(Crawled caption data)
^^^^^^^^

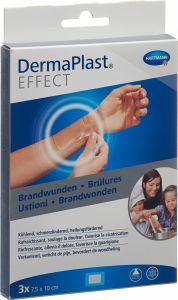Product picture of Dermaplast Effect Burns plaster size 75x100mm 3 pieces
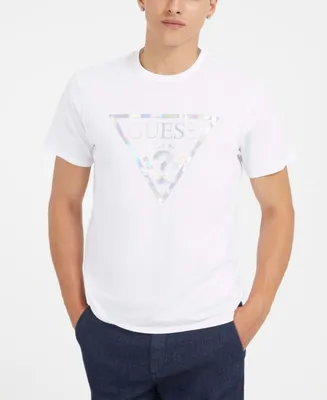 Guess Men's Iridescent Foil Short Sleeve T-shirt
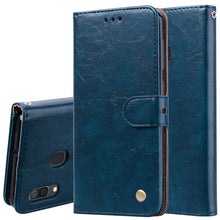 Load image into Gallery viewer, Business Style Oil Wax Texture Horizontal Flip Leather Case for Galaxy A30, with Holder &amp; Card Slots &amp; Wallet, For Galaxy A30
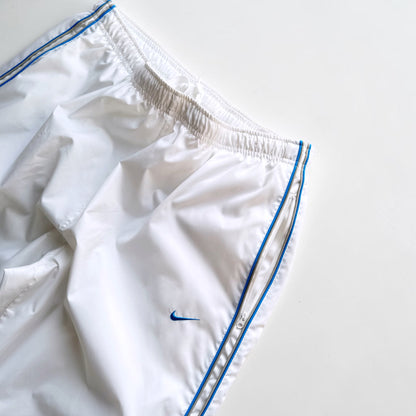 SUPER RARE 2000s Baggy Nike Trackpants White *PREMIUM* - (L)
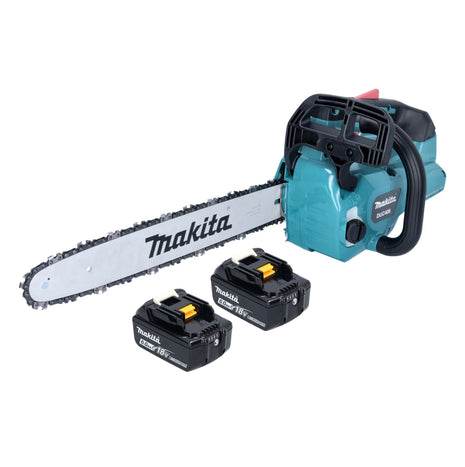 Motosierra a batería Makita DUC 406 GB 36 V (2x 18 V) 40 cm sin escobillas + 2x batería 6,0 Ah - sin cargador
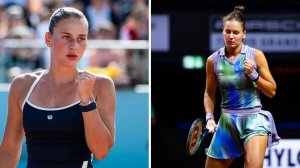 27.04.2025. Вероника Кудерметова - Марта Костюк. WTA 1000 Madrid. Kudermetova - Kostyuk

^^^^^^^^

A word-for-word copy is needed of the lines from the line holding "SUPER RARE 2000s" through the end of the records, both included, excluding every picture.

 SUPER RARE 2000s Baggy Nike Trackpants White *PREMIUM* - (L)
 Motosierra a batería Makita DUC 406 GB 36 V (2x 18 V) 40 cm sin escobillas + 2x batería 6,0 Ah - sin cargador
 27.04.2025. Вероника Кудерметова - Марта Костюк. WTA 1000 Madrid. Kudermetova - Kostyuk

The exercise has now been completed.